Ekonom FAO dan sekaligus ahli perberasan, Abdolreza Abbassian, mengatakan: “gambaran baru memperlihatkan bahwa tekanan pada harga pangan dunia akan sulit merea.”

“Harga tinggi ini akan bertahan hingga bulan dan tahun-tahun mendatang,” katanya.

Abbassian berkata: “Ini masalah besar, terutama bagi negara-negara yang mengalami defisit bahan makanan dan pendapatan rendah, dan harus berhadapan dengan pembiayaan lebih besar untuk impor dan mensuplai kebutuhan masyarakat miskin yang sebagian pendapatannya dihabiskan untuk membeli makanan.”

Kerusuhan soal pangan juga terjadi di banyak tempat lain, seperti Srilangka, Pakistan, Bangladesh, Yordania, Mozambik, dan masih banyak yang lain.

Memicu pergolakan sosial

Krisis pangan telah memicu pergolakan sosial di sejumlah negara, bahkan berujung pada penggulingan rejim-rejim yang tidak bisa mengontrol harga pangan. Mula-mula di Tunisia, lalu ke Aljasari, dan kemudian ke Mesir.
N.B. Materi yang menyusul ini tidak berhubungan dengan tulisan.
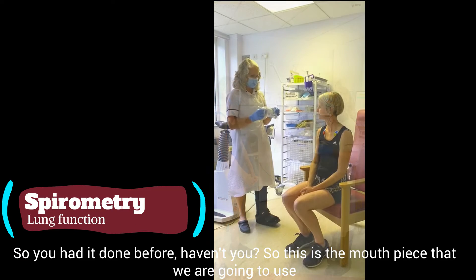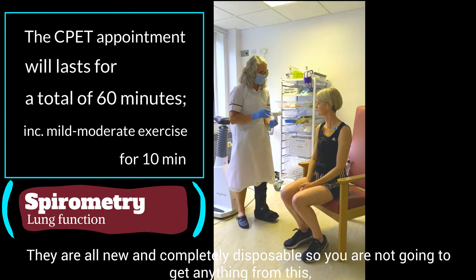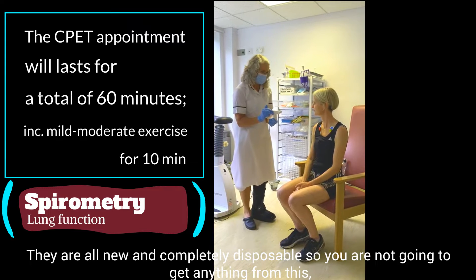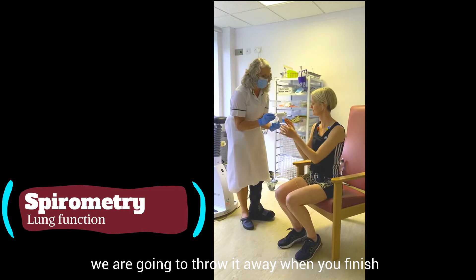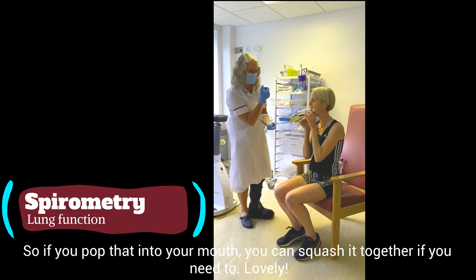So you've had it done before, haven't you? This is the mouthpiece that we're going to use. They're all new and completely disposable, so you're not going to get anything from this — we just throw it away when you're finished. So if you could just pop that into your mouth; you can squish it together if you need to.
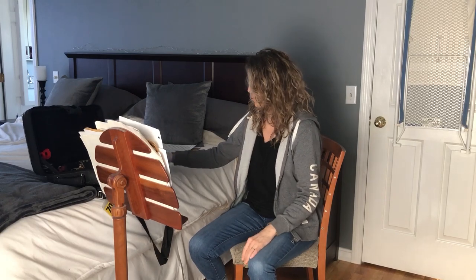I'm going to take you on a trip around the bassoon. I live in kind of a small house so I don't have my own practice room. Quite often my practice space is either the dining room or here in our bedroom.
Hari ini, 6 Februari, orang-orang lapar menyerbu kantor-kantor pemerintahan dan polisi, meski sebelumnya mereka ditembaki. Di Hamza, di provinsi Diwaniya, 180 kilometer selatan Baghdad, rakyat masih melanjutkan perlawanan memprotes kelangkaan pangan.

“Ini akan menjadi revolusi kaum yang lapar dan hina di Irak, dan akan mengikuti revolusi di Mesir dan Tunisia,” ujar seorang demonstran.
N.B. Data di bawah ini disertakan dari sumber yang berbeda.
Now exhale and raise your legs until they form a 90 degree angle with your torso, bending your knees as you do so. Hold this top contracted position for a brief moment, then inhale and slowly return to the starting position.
Diwaniya, yang sebagian besar penduduknya beragama syiah, merupakan salah satu daerah termiskin di Irak. Sebuah laporan menyebutkan, seorang demonstran tewas dan tiga lainnya terluka saat polisi menembaki kerumunan rakyat yang sedang marah.

Kerusuhan serupa juga terjadi di Haiti. “Jika pemerintah tidak bisa menurunkan harga makanan dan biaya kebutuhan hidup, silahkan mundur. Jika polisi atau PBB hendak menembak kami, silahkan, itu bagus. Setidaknya kami mati karena peluru, bukan karena kelaparan,” demikian dikatakan demonstra di Port-au-Prince, Haiti.

Mengancam Indonesia

Meski Indonesia dikenal sebagai salah satu negara pengekspor komoditi pertanian, tetapi itu cerita di masa lalu. Sekarang ini, hampir semua kebutuhan pangan Indonesia sudah dimpor dari luar, termasuk beras, kedelai, daging, susu, dan lain sebagainya.

Antara tahun 1998-2001, kita sudah menjadi negara importir beras terbesar di dunia; dan kini setiap tahun kita impor gula 40 persen dari kebutuhan nasional; impor sekitar 25 persen konsumsi nasional daging sapi; impor satu juta ton garam yang merupakan 50 persen dari kebutuhan nasional; dan impor 70 persen kebutuhan susu.

Dengan peranan impor yang semakin dominan, maka produksi pangan nasional Indonesia juga makin merosot. Pemerintah juga tidak punya perhatian untuk menyelamatkan sektor pertanian, tetapi malah menyerahkannya pada WTO dan korporasi-korporasi raksasa agrobisnis dunia.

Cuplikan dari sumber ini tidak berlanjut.